How would you explain the interactions between the professors and the students?

The professors in the program were really engaged and always in tune with how they could help. The professors were really great at responding promptly by phone, email and through the discussion boards to help us complete our coursework. Throughout the program, they had a good sense of how to best help us. I really developed a lot of good relationships with my instructors. And, even though the online degree program didn't have the face-to-face element, they really got a good sense of all of our personalities and how we worked best as students.

How does earning an online degree compare to traditional learning?

I think they're two very distinct programs; the on-campus program is better fit for some and the online program is definitely a good fit for others. The fact that I completed an online degree definitely didn't affect my ability to earn my current position.

Are there any myths about earning an online degree?

I think one of the myths about online degrees is that online programs are not as rigorous or demanding as traditional classroom programs. I really found that wasn't the case at all. It was not an easy program to go through. It was time consuming and very rigorous, and in the end the online degree is just as valuable as any other University of Wisconsin System degree. The fact that it was an online degree doesn't even appear on the diploma, so my online experience was a really positive one.

How do employers view your educational success?
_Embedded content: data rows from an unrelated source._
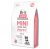 Brit Care Mini Grain-free Puppy 2 kg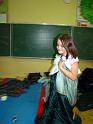 rajd_modrzewskiego_91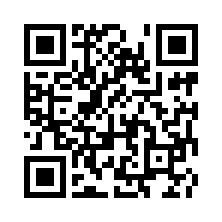 QR Code for 37goRuiD84ic9s1d1HhubjRGShZaSYq1WC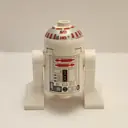 Minifigurka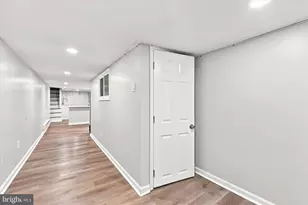 1443 S 53rd St, Philadelphia, PA 19143 - Photo 17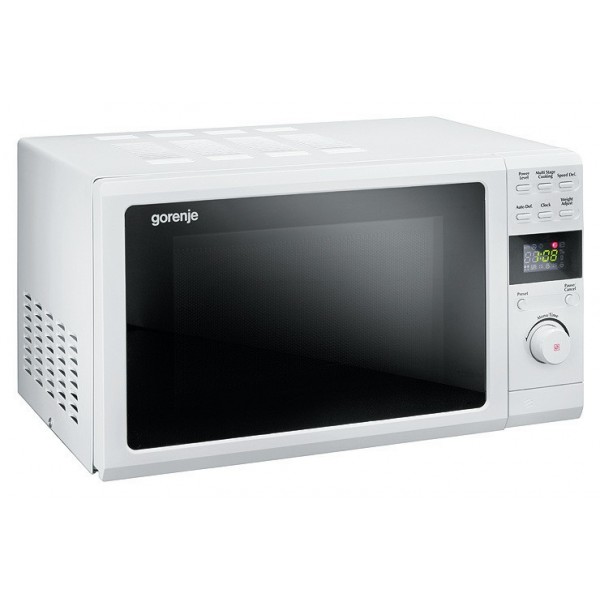 Микроволновая печь GORENJE MO 17 DW 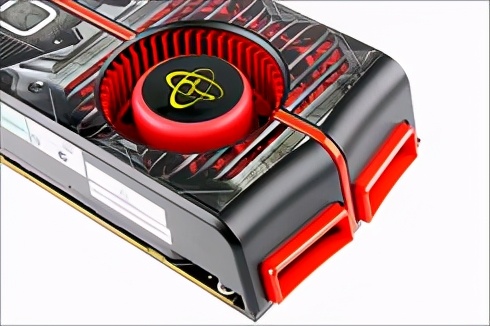 鐨囧啝涓婄殑鏄庣彔鍔虫柉鑾辨柉,radeonhd5970鏄惧崱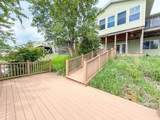 252 Lake Drive - Photo 28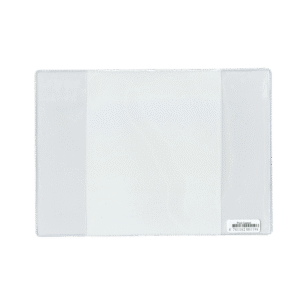 Kaaned Euroopa Liidu passile, läbipaistev 180 mkr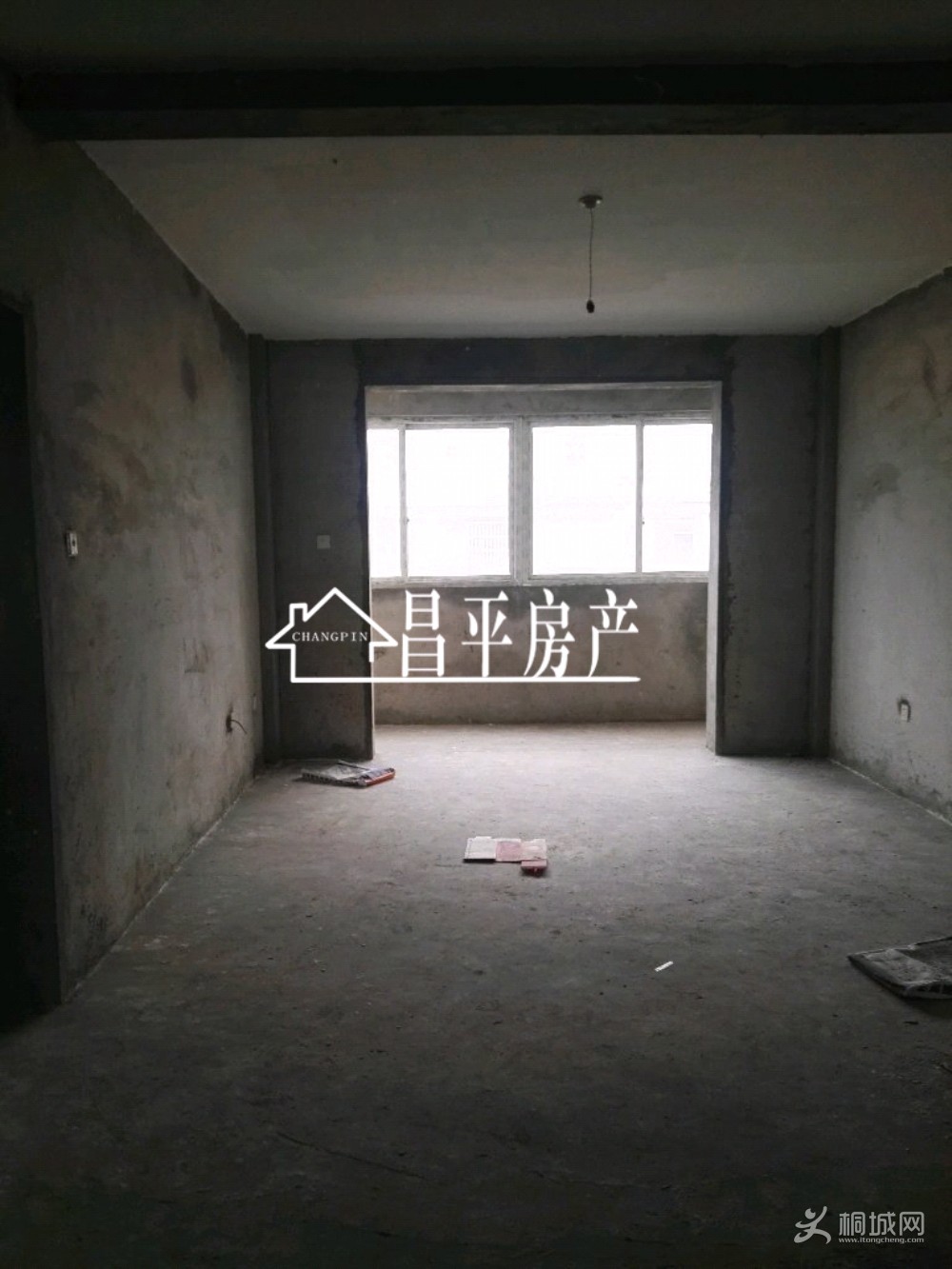 ZyjCSlzI7zeAChhlAAE2gUo1hVE666.jpg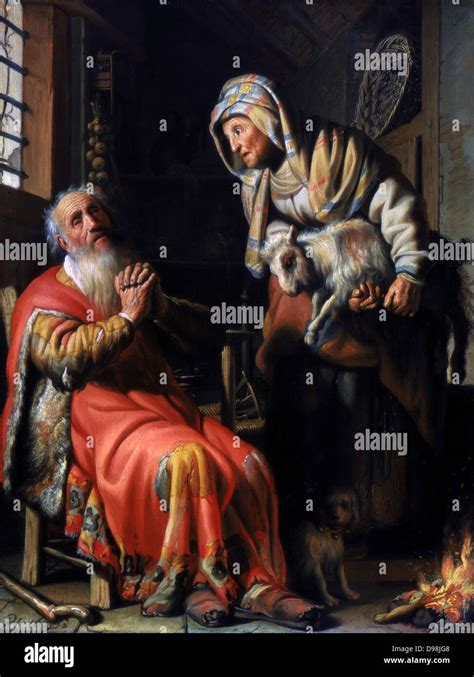 tobets|Tobit, THE BOOK OF TOBIT .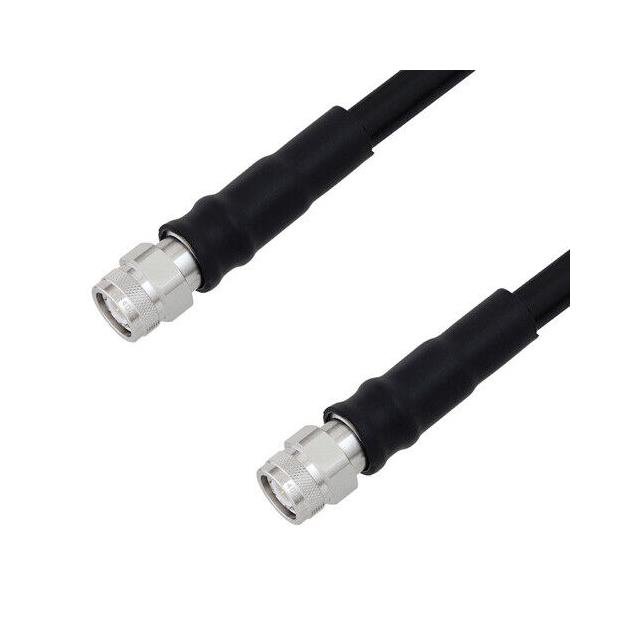 LMR-200-DB-TNC-TNC(QTY:15ft) LMR-200-DB-TNC-TNC(QTY:15ft)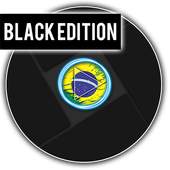 Videoflix HD - Filmes (Black Edition) 1.1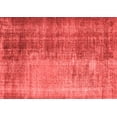 thumbnail image 1 of Ahgly Company Indoor Rectangle Persian Red Bohemian Area Rugs, 8' x 12', 1 of 4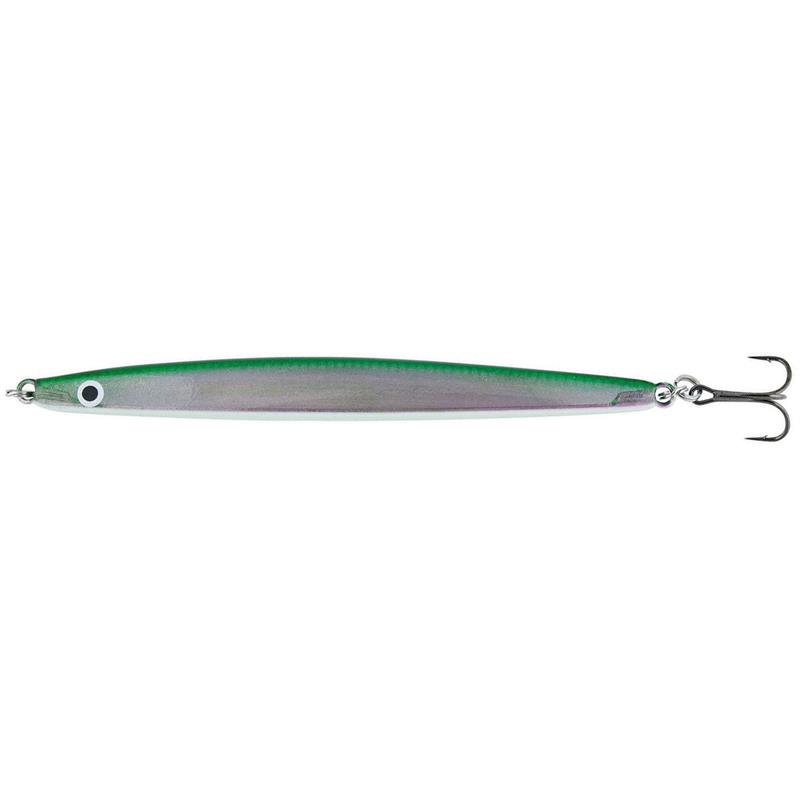 MO Coast Tobis 19g Ghost
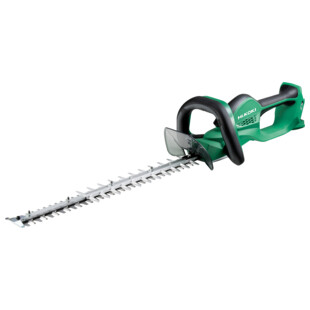 TAILLE-HAIE 36V 62CM CH3656DAW4Z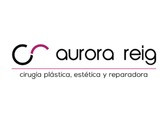 Aurora Reig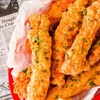 Image 12: Up to 22% Off on American Cuisine at Americas Best Wings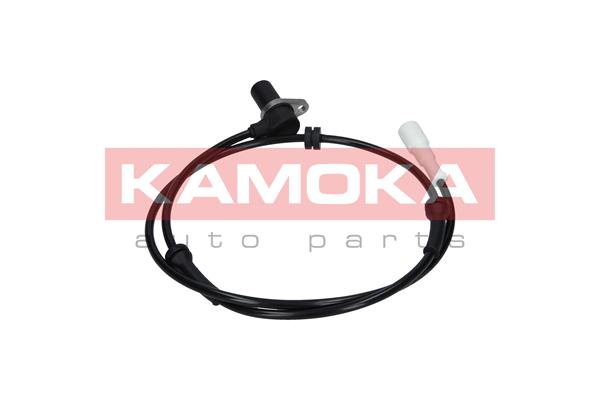 Czujnik ABS KAMOKA 1060129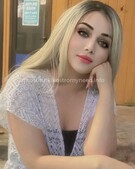 Анкета проститутки Кристина - метро Ярославский, возраст - 24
When I was applying for my current position, my employer said that because I was currently working toward my master's degree, it demonstrated that I was really serious about making this my long-term career. It was also beneficial to have some basic foundational principles and the knowledge that's required to do a really great job. Since then, I've also been able to pursue other professional development opportunities that have required a master's degree. Currently, I teach a class at UW-Madison because I have my advanced degree, so it's really opened a lot of doors for me professionally.